◆ **Task details**
Work out how many lines in the entries below contain the string "photo". Reply with that figure alone.
────────
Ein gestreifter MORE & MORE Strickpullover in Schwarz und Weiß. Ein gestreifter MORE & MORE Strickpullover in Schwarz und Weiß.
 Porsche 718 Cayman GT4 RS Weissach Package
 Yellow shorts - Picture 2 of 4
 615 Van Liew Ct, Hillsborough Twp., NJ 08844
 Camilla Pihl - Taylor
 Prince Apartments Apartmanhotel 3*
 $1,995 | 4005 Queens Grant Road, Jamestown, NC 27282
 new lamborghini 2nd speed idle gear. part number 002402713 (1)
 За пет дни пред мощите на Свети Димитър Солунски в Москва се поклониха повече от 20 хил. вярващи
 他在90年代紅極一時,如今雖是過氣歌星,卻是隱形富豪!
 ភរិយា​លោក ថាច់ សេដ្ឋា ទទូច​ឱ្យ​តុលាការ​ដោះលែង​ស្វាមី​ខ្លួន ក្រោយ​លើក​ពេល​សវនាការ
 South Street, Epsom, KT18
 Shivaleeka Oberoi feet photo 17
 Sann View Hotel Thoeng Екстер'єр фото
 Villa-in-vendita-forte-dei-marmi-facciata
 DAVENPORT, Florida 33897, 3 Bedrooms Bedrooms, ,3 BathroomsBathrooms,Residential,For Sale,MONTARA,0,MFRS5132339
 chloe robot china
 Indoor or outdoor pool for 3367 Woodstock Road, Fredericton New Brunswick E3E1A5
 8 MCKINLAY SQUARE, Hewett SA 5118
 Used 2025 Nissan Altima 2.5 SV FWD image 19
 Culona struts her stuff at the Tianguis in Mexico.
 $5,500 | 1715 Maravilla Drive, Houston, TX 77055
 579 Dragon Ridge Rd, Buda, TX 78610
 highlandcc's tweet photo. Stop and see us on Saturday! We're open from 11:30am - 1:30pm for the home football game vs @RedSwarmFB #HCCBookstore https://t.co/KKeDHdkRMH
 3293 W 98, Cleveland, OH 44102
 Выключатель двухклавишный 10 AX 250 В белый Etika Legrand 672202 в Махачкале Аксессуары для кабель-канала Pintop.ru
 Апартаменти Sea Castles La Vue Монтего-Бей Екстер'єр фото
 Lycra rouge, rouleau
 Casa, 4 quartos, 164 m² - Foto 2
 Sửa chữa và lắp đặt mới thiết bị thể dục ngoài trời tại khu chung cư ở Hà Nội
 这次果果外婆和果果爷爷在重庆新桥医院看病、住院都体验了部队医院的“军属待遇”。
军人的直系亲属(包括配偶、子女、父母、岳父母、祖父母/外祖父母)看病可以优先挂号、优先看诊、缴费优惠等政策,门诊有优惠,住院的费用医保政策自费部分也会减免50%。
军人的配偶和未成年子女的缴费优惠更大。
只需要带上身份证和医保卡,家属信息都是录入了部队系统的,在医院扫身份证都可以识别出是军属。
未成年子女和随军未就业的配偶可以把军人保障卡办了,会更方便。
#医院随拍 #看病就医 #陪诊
────────
◆ **Reply to the task**
2